● WHAT TO PRODUCE
Everything from the line with "Скриншот из FSX" to the line with "4pc Household Transparent" in the listing below, both lines included, needs to be copied exactly, apart from the pictures.

● RECORDS FOR THE EXERCISE
[Start of Attachment]

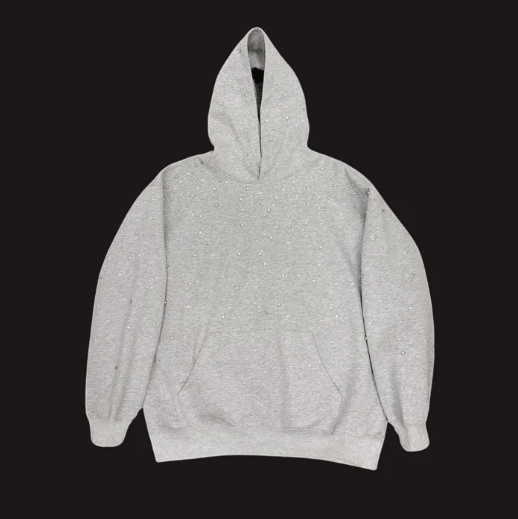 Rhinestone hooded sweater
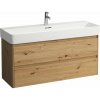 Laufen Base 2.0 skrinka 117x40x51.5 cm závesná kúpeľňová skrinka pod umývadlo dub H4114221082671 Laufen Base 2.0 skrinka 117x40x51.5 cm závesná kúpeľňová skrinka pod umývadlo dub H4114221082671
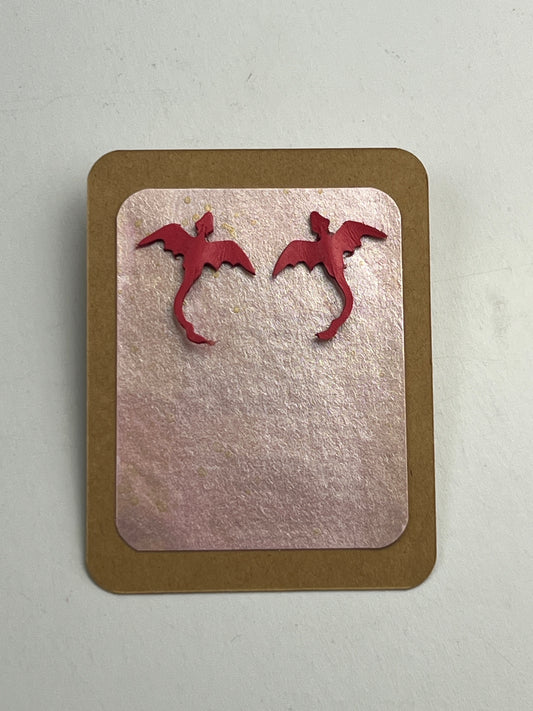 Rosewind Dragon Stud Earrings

[End of Attachment]
[Start of Attachment]

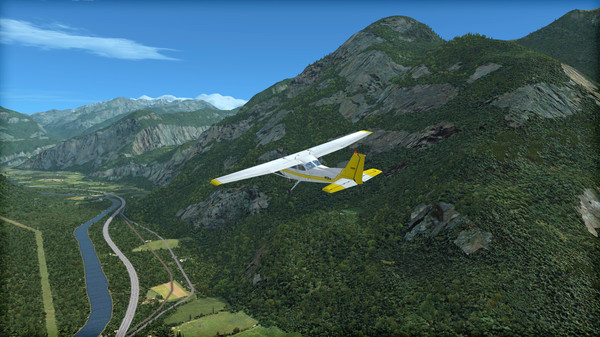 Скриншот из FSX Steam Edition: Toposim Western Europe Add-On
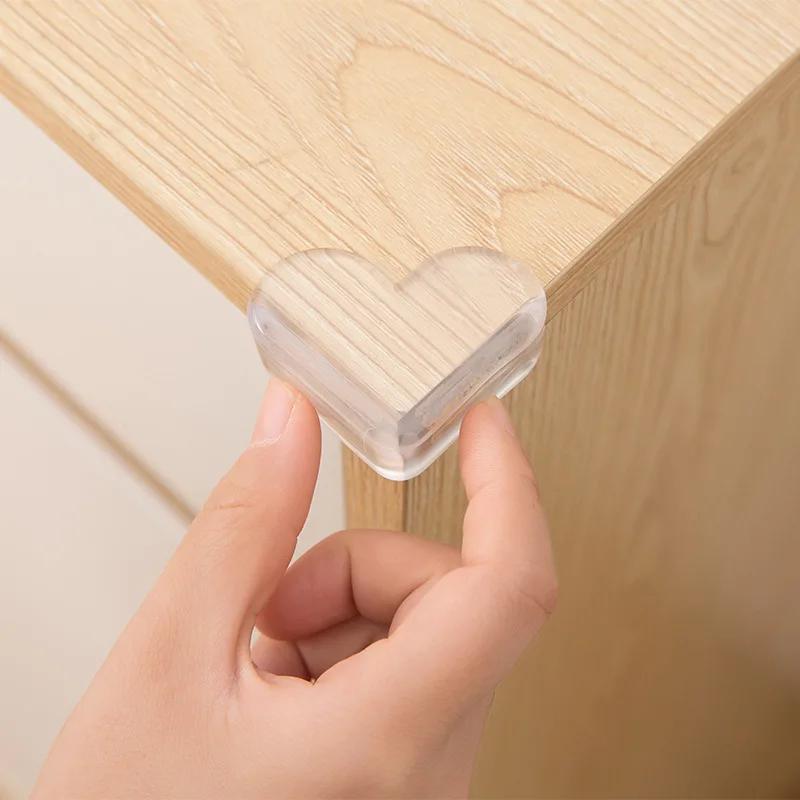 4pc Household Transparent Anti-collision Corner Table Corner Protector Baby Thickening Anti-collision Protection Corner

[End of Attachment]
[Start of Attachment]

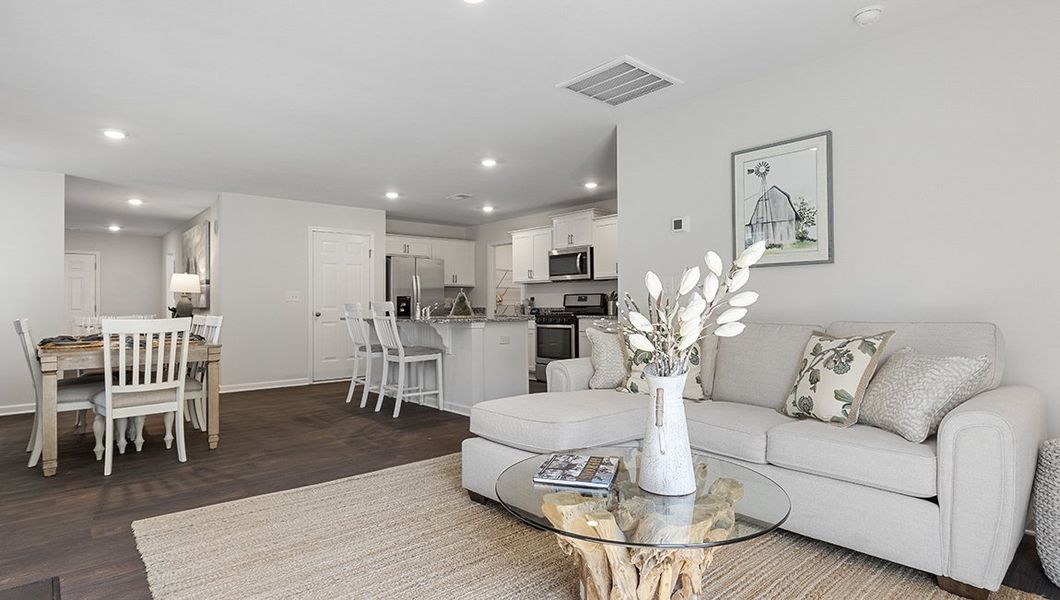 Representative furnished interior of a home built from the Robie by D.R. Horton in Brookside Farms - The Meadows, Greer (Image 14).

[End of Attachment]

● RESULT OF THE EXERCISE
 Скриншот из FSX Steam Edition: Toposim Western Europe Add-On
 4pc Household Transparent Anti-collision Corner Table Corner Protector Baby Thickening Anti-collision Protection Corner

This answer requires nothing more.